**Task to complete**
Leaving the pictures aside, reproduce the data in full and word for word.

**Provided material**
────────────────

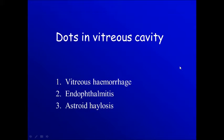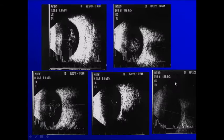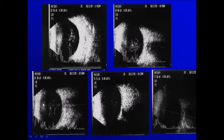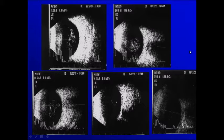Sometimes we see both in the vitreous cavity — they can be due to red blood cells, infection with cells, or asteroid hyalosis. Notice all these are the same patient but with different gains: 85, 84, 81, 79, 77. You notice the vitreous cavity — when the gain is high we can see much better than when the gain is low. That's why if you are looking for dots in the vitreous cavity, you have to increase the gain.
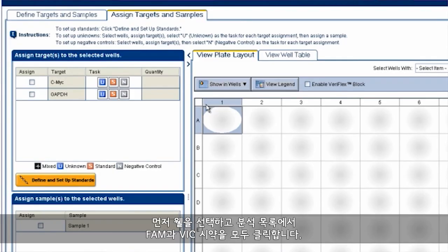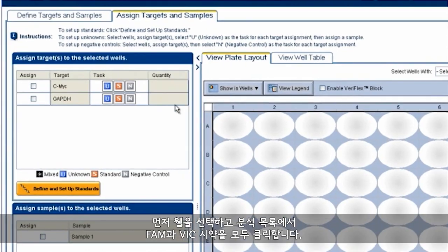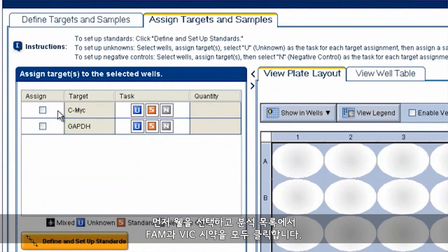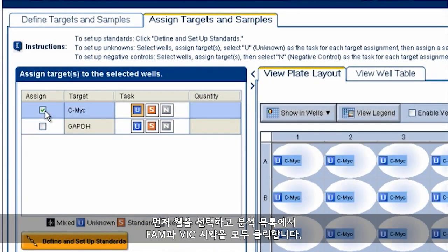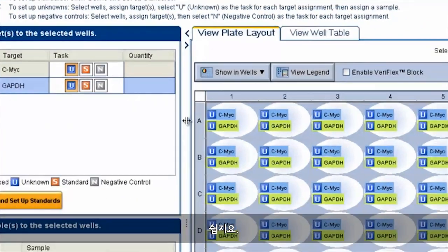Which any Life Technologies instrument can distinguish. To set up a plate of multiplexing in any real-time software, just select your wells, then go over to your list of assays and click on both the FAM and VIC targets. Easy!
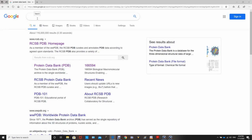Hi, this is going to be a basic tutorial on the PyMOL software. You can use PyMOL to build a 3D structure of a protein. This could be for your protein assignment or just to look at the structure of your protein of interest.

────────────────

**Response box**
Sometimes we see both in the vitreous cavity — they can be due to red blood cells, infection with cells, or asteroid hyalosis. Notice all these are the same patient but with different gains: 85, 84, 81, 79, 77. You notice the vitreous cavity — when the gain is high we can see much better than when the gain is low. That's why if you are looking for dots in the vitreous cavity, you have to increase the gain.
Which any Life Technologies instrument can distinguish. To set up a plate of multiplexing in any real-time software, just select your wells, then go over to your list of assays and click on both the FAM and VIC targets. Easy!
Hi, this is going to be a basic tutorial on the PyMOL software. You can use PyMOL to build a 3D structure of a protein. This could be for your protein assignment or just to look at the structure of your protein of interest.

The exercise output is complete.